[Entries supplied]:
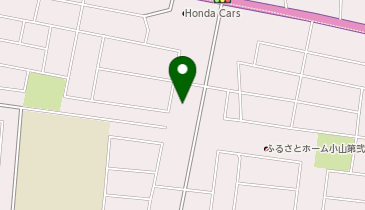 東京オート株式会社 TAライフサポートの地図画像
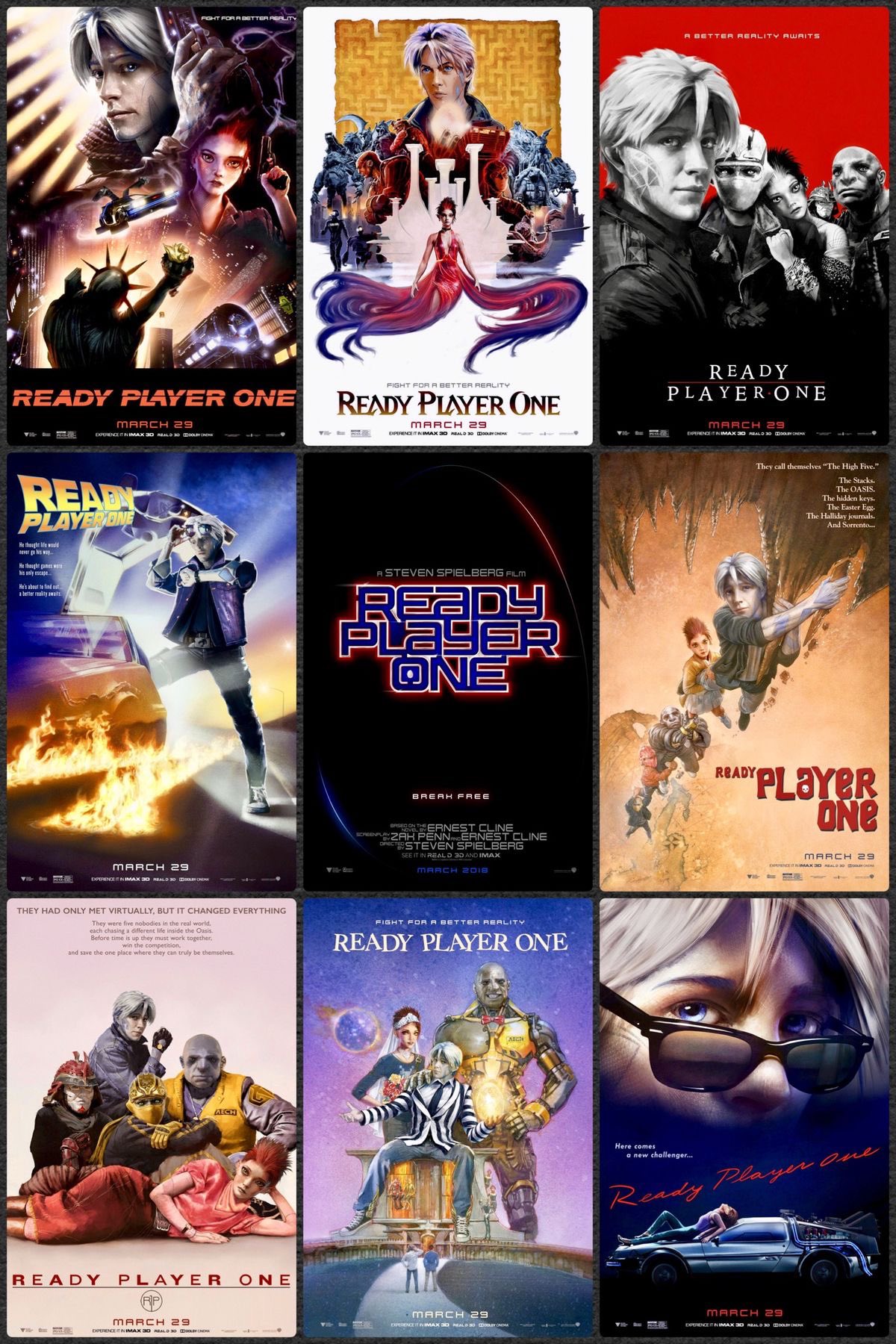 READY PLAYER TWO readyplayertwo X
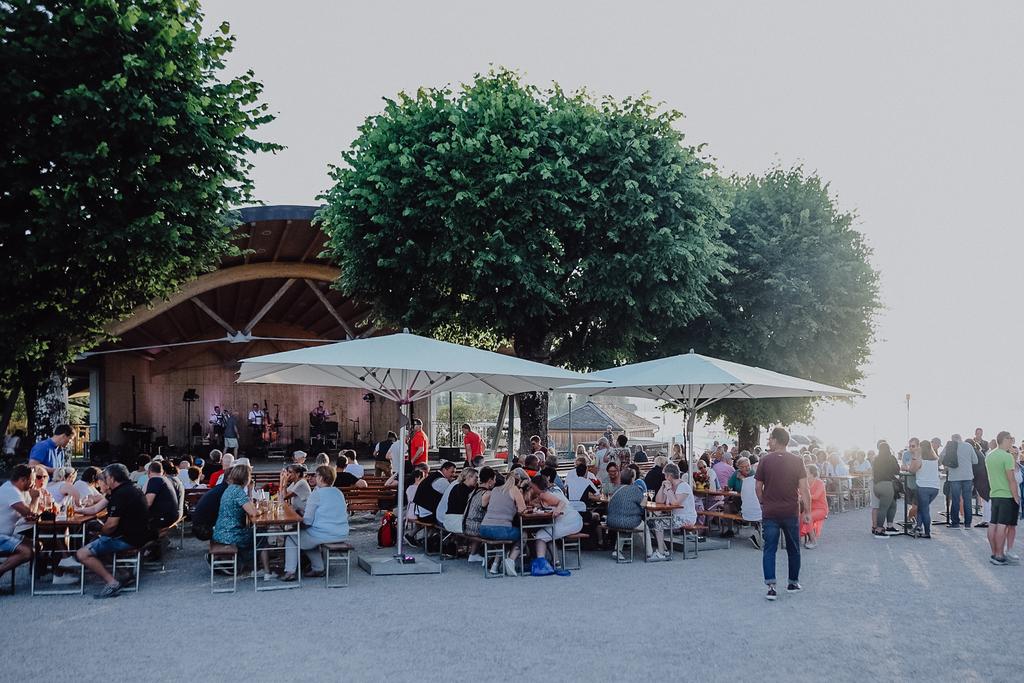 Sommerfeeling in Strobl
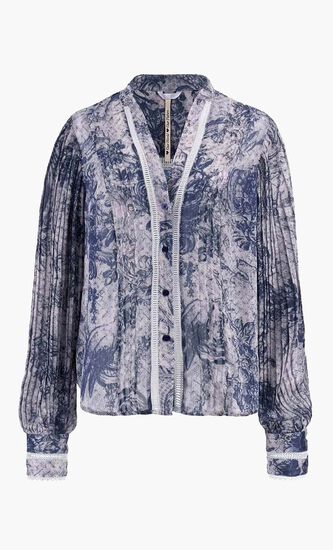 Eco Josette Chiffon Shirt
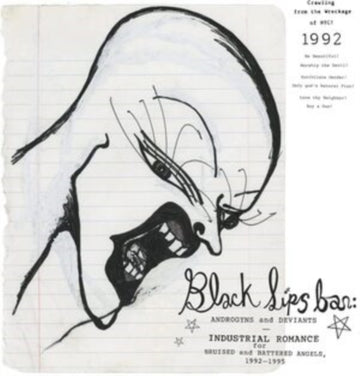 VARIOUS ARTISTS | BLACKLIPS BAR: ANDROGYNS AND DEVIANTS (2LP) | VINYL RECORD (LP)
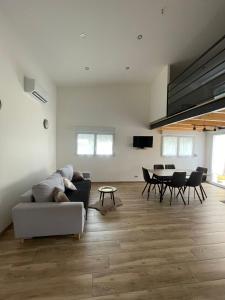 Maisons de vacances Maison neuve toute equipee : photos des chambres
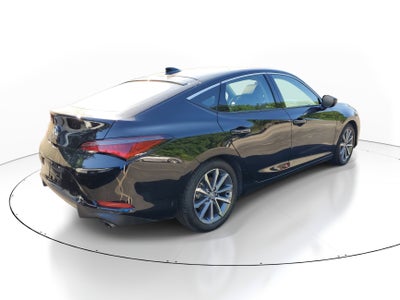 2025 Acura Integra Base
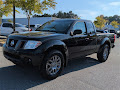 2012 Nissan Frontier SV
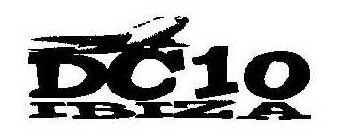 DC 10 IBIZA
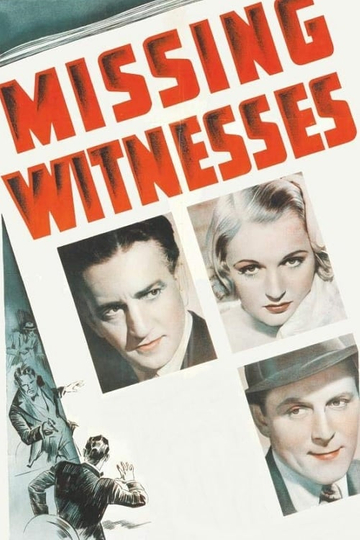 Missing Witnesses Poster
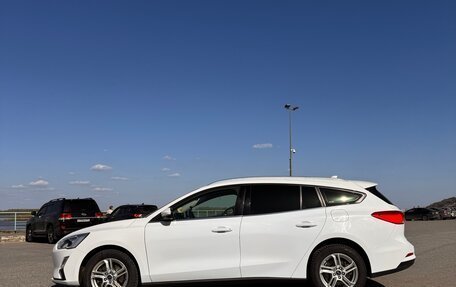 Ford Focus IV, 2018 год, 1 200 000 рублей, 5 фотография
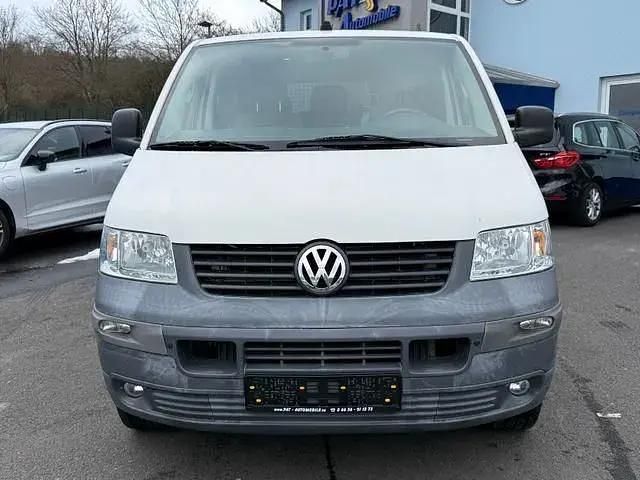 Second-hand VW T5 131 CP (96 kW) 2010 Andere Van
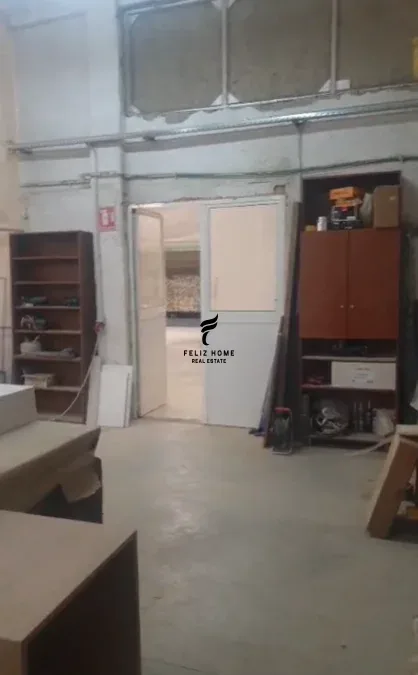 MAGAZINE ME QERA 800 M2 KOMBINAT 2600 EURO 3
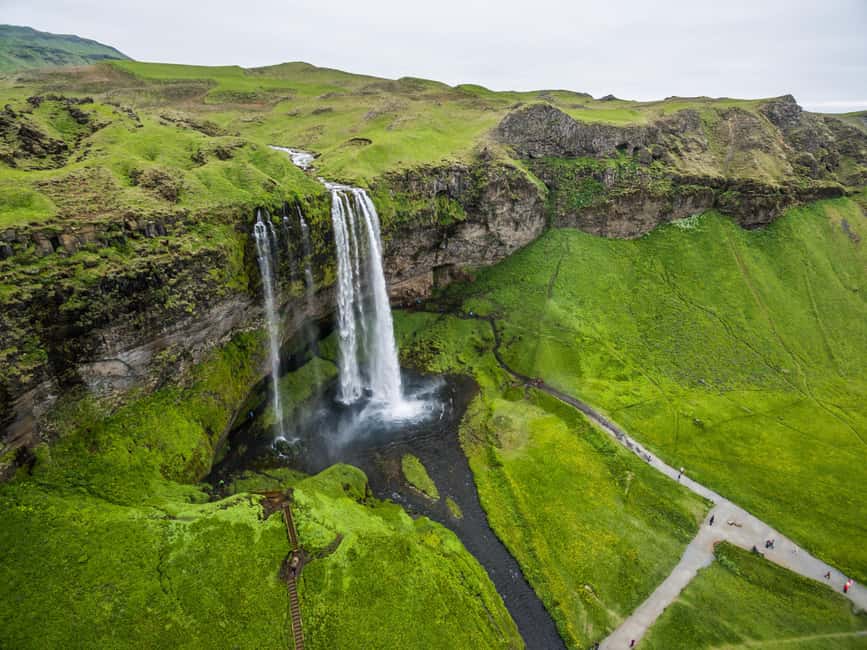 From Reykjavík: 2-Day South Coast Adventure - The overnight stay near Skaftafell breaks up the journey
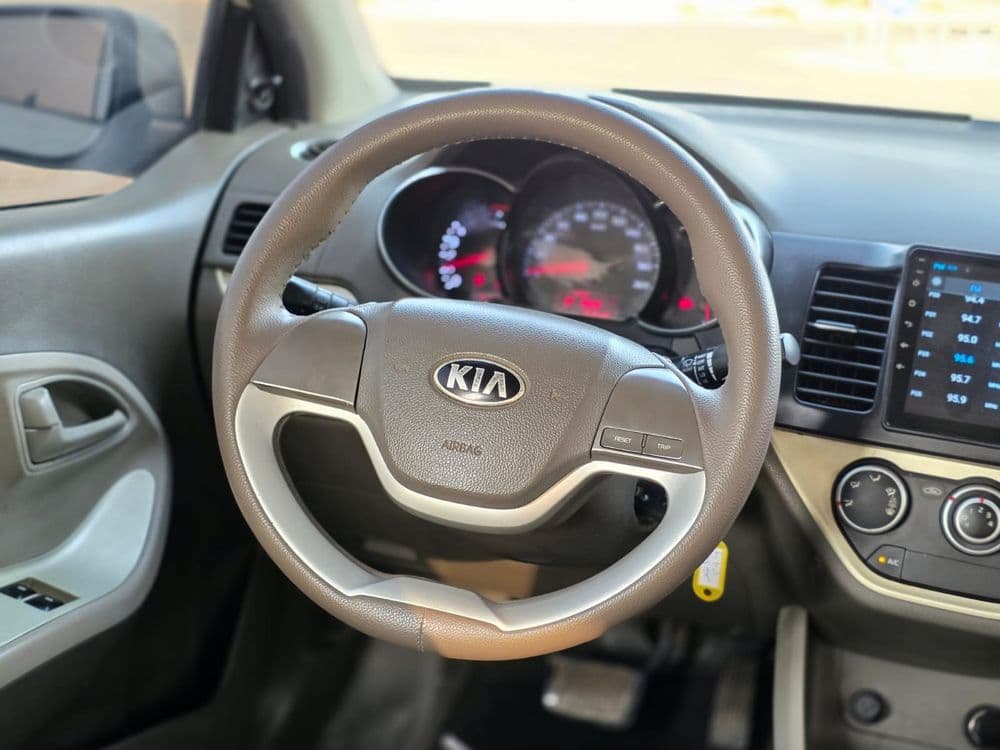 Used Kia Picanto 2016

[Your goal]: A word-for-word reproduction is needed of the lines above from the line containing "READY PLAYER TWO readyplayertwo X" through the line containing "From Reykjavík: 2-Day", with both ends kept and no pictures.

[Finished exercise]:
 READY PLAYER TWO readyplayertwo X
 Sommerfeeling in Strobl
 Eco Josette Chiffon Shirt
 VARIOUS ARTISTS | BLACKLIPS BAR: ANDROGYNS AND DEVIANTS (2LP) | VINYL RECORD (LP)
 Maisons de vacances Maison neuve toute equipee : photos des chambres
 2025 Acura Integra Base
 2012 Nissan Frontier SV
 DC 10 IBIZA
 Missing Witnesses Poster
 Ford Focus IV, 2018 год, 1 200 000 рублей, 5 фотография
 Second-hand VW T5 131 CP (96 kW) 2010 Andere Van
 MAGAZINE ME QERA 800 M2 KOMBINAT 2600 EURO 3
 From Reykjavík: 2-Day South Coast Adventure - The overnight stay near Skaftafell breaks up the journey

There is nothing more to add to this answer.